:: Provided records

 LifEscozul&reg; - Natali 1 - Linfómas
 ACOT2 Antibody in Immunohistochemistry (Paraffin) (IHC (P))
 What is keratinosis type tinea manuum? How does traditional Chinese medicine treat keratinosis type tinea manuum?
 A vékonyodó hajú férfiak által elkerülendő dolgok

::::
:: Provided records

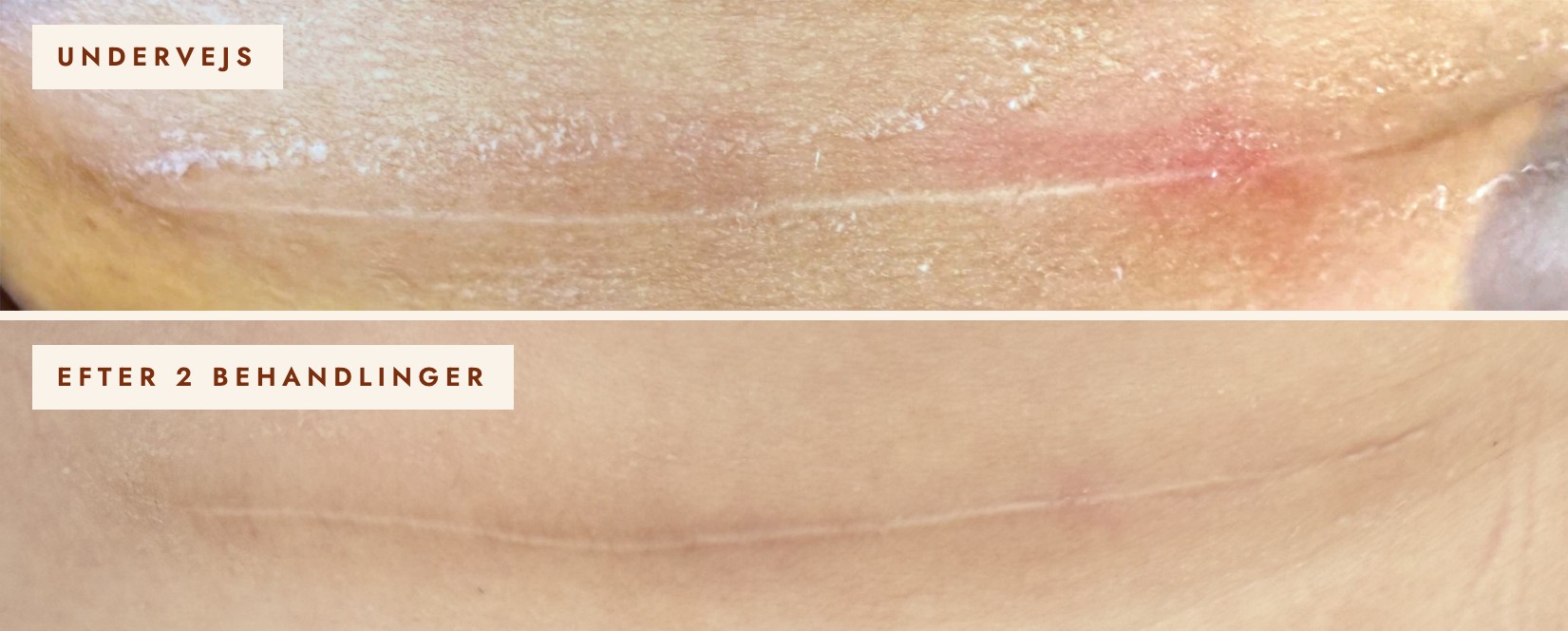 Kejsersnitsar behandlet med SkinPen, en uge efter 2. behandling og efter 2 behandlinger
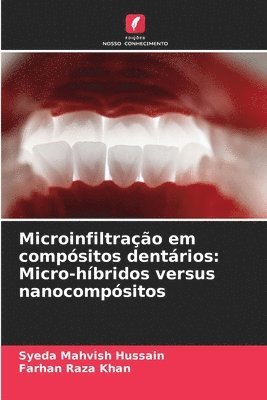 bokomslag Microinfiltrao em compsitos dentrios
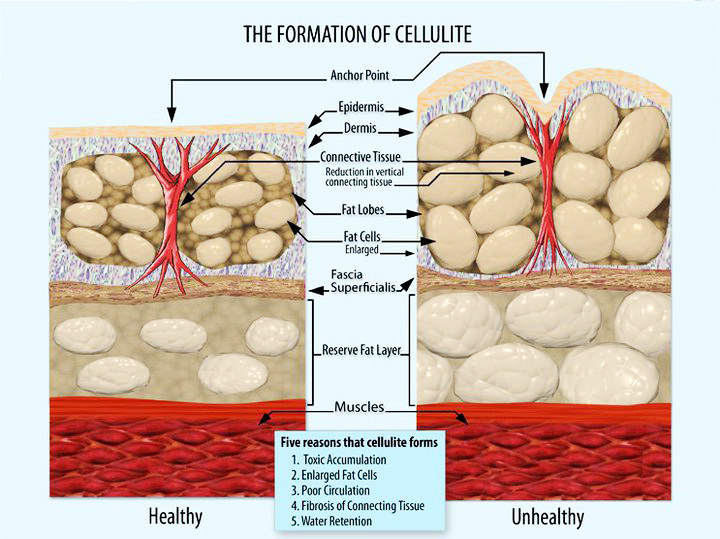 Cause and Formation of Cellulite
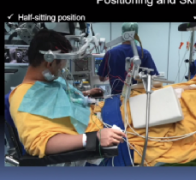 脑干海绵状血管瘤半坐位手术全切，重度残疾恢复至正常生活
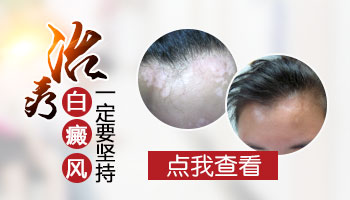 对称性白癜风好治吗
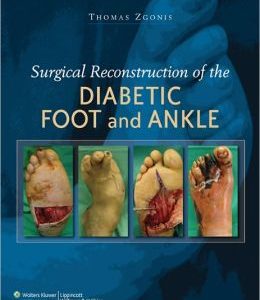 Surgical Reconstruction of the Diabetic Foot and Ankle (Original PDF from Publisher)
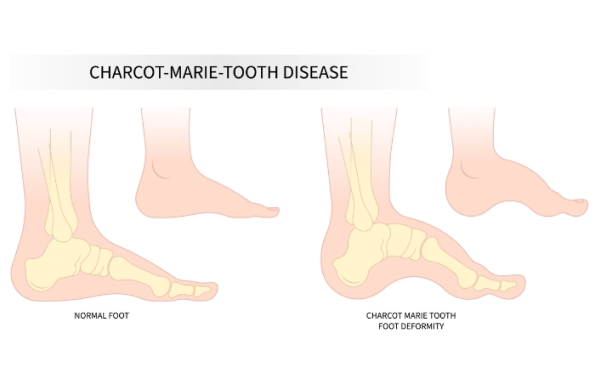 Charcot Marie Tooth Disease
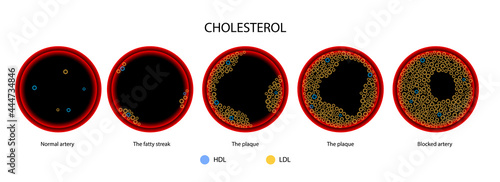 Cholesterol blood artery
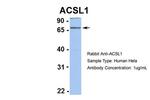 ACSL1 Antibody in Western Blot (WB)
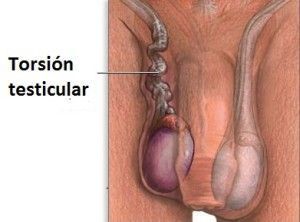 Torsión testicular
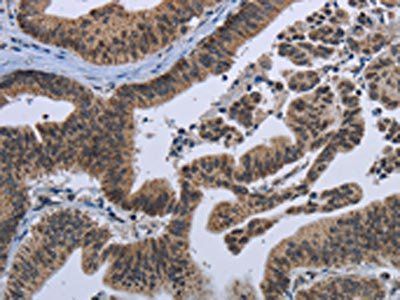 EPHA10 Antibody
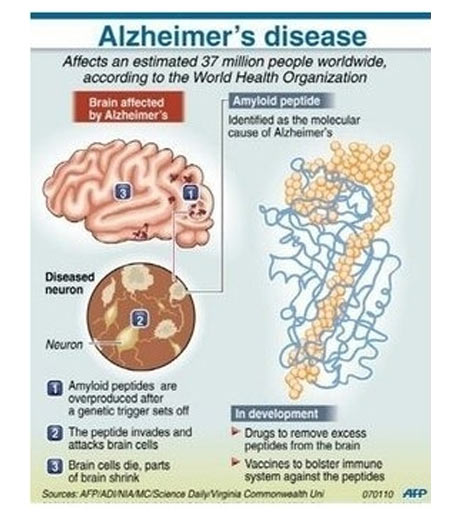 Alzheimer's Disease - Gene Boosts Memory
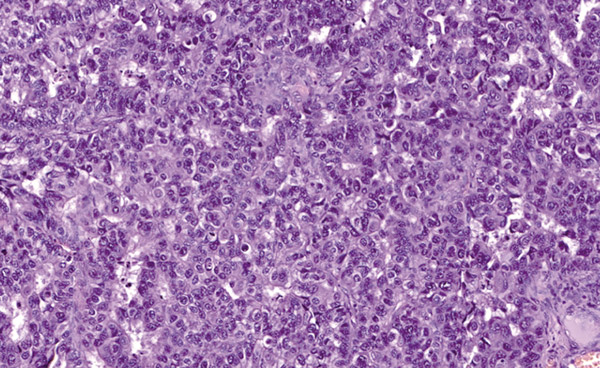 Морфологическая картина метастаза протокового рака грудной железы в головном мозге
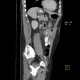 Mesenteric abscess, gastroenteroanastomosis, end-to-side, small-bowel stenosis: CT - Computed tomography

::::

**Exercise description:**
Look above for the line containing "bokomslag Microinfiltrao em", then copy exactly from it through the line containing "Alzheimer's Disease - Gene Boosts Memory", keeping both and leaving out pictures. Add nothing else.

**Answer area:**
 bokomslag Microinfiltrao em compsitos dentrios
 Cause and Formation of Cellulite
 脑干海绵状血管瘤半坐位手术全切，重度残疾恢复至正常生活
 对称性白癜风好治吗
 Surgical Reconstruction of the Diabetic Foot and Ankle (Original PDF from Publisher)
 Charcot Marie Tooth Disease
 Cholesterol blood artery
 ACSL1 Antibody in Western Blot (WB)
 Torsión testicular
 EPHA10 Antibody
 Alzheimer's Disease - Gene Boosts Memory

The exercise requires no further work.